Sunday, April 3, 2011

Strawberry Fields

Maybe it's not forever but it does feel sort of eternal somehow. The memorial to John Lennon in Central Park is simple, elegant and understated, perhaps like John Lennon himself, though I don't really know that for sure, the Beatles were sort of out of my sphere of focus musically. I, of course, know a majority of their major songs by heart, as I know iconic nursery rhymes by heart...Beatles songs having woven themselves into the fabric of our existence.

But as for John himself, I know of him, his aesthetic appearance, Yoko and the supposed reason that he left the Beatles to watch the shadows on the wall. And I know about Mark David Chapman and the day that he shot John in the back outside of The Dakota apartments in New York.

As for Strawberry Fields, Yoko endowed New York with over a million dollars to create the small triangular section of Central Park as a memorial for John, named of course for the song John wrote as a tribute to the Strawberry Field Children's home that the Salvation Army ran in Liverpool near where John grew up. It was there, in the fields behind the home that John would listen to the Salvation Army band and become inspired to become a musician.

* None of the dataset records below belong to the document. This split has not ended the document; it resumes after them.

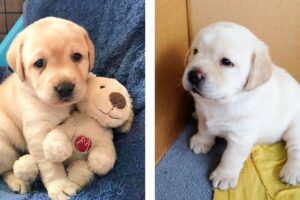 😍 These Labrador Puppies Will Brighten Your Day 🐶 | Cute Puppies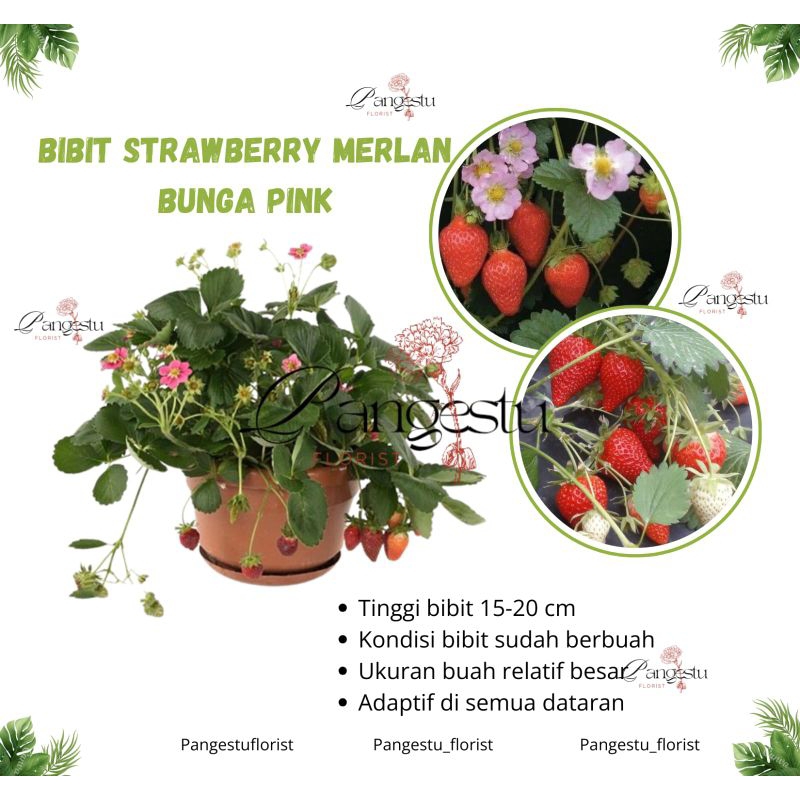 

Bibit Tanaman Strawberry Merlan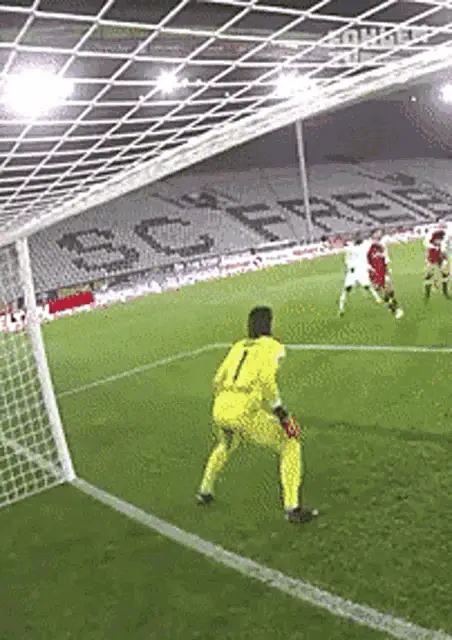 Goalkeeper's Incredible Football Save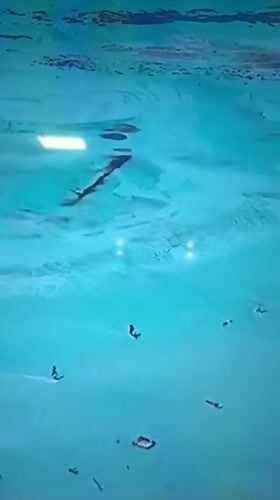 Drone footage captures tropical resort scenes in Dnipro, Ukraine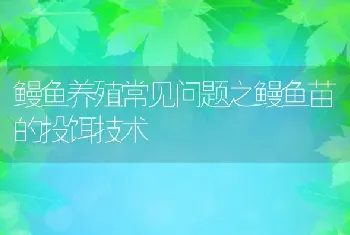 鳗鱼养殖常见问题之鳗鱼苗的投饵技术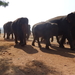 3E Pinnawala,  olifanten weeshuis _DSC00404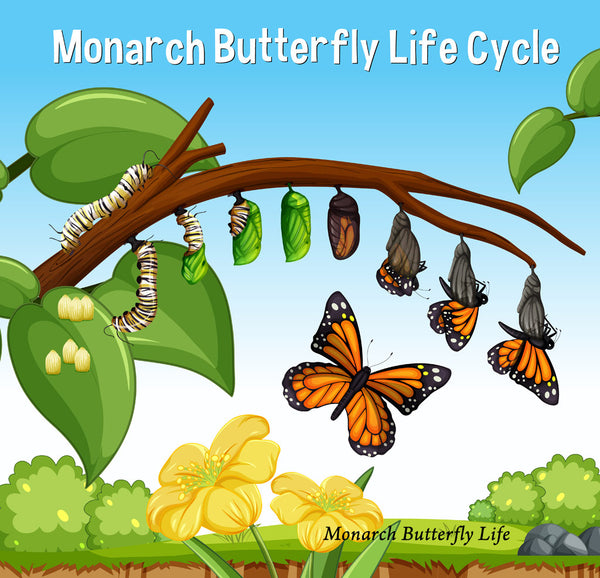 monarch butterfly life cycle stages across branch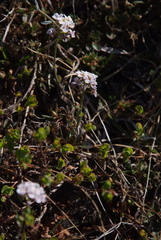 Noccaea cochleariformis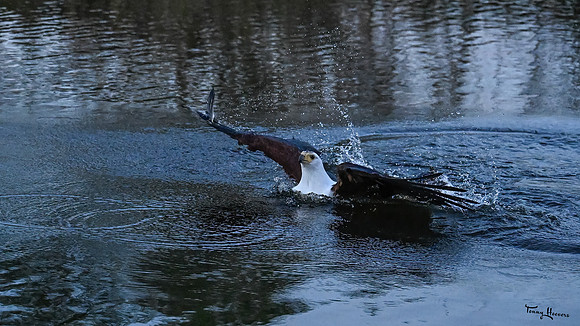 valk_roofvogels_TH_1304
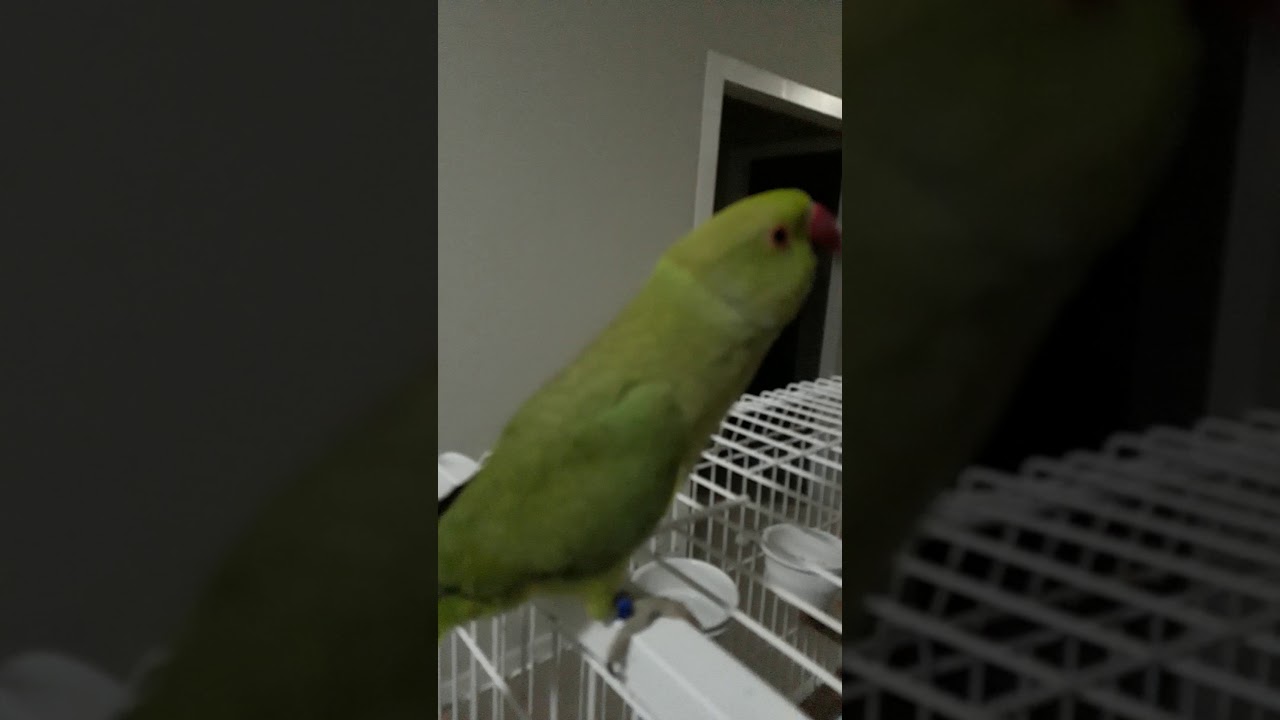 ring neck falando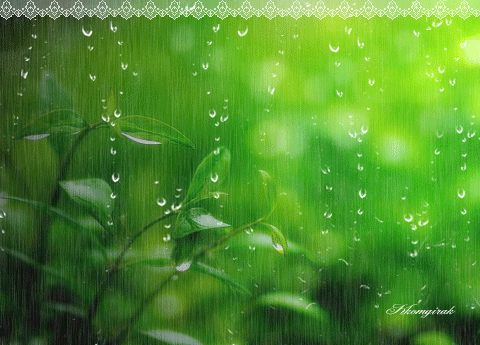 红中安睡     像数星星一样傻傻地点数着从屋檐落到身边花草上的雨滴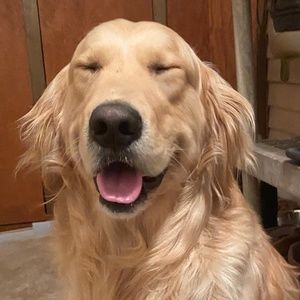 Meet your Posher, Joelle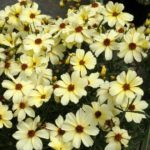 Pack x6 Coreopsis Verticillata 'Buttermilk' Perennial Plug Plants NEW!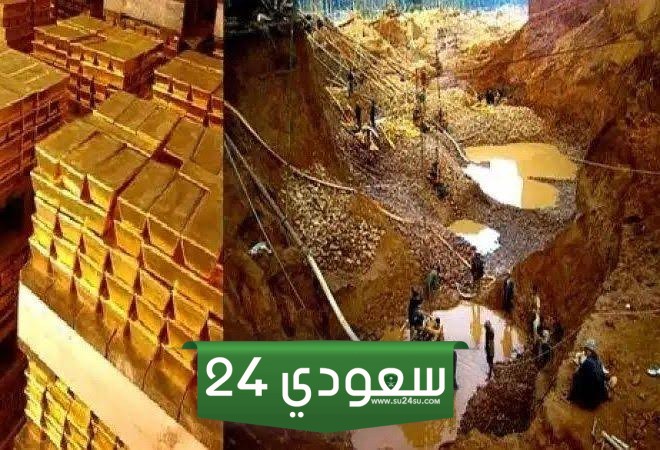 قلق كبير يعم السعودية والإمارات بعد اكتشاف كنوز المصرية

the center piece of the memorial is the mosaic circle with the word "Imagin" in the center. It is simple and moving in it's own way. I spent awhile just sitting in one of the benches surrounding the mosaic and watching how people interacted with it. Most avoided walking on the mosaic at all, unless it was to kneel on it to pose for a picture.

Occasionally someone would just walk directly across the mosaic, seemingly oblivious to any significance that it might have. This struck me as being somehow disrespectful and part of me wanted to get up and tell these people to walk around the circle, to pay attention to where they stepped, which got me to thinking about respect in general and why and how it is given.

After all this mosaic was really just a collection of nicely shaped stones, arranged in a discernible pattern on the ground. Were the spot not marked as a special location, would any of us even know that some sort of deference should be given to this spot above any other spot? It is not as though John Lennon is actually buried there, he wasn't even shot and killed there, nor was he born there. Essentially he lived across the street...so why does it matter where we step?

It seems to come down to the fact that I knew that the spot had significance, and that I was aware of what that significance was and because of that awareness, I chose to offer that spot some respect. I have no control over whether others choose to embrue that spot with significance or whether they choose to pay the spot respect or not, which, in a way, is exactly what Lennon was probably trying to say when he wrote "Imagin" in the first place.

"Imagin there no heaven...above us only sky. "

I don't think John would care if someone walked on his memorial, but he would like that we were all there enjoying the spot together, in whatever way we chose.

Saturday, April 2, 2011

Starting My New York Minute



It really doesn't matter what time you arrive, New York is always alive and happening. Our plane didn't land at JFK until nearly 11, so, after fetching bags and lining up a town car who then flew us along the Van Wyke through Queens until we approached the Queensborogh Bridge where we started getting our first views of the city...and I started getting that lump in my throat...that New York lump.

Ok, I admit it, I am a rube when it comes to New York. This is only my second visit (the first being two years ago for the marathon) and it was in that first visit that I became intoxicated by the place, and intoxication that has carried me over to today. This is THE place.

This is THE CITY. This is New York.

Right now K is pulling up various NY songs, especially Alicia Keyes brilliant and haunting Empire State of Mind and I am getting chills.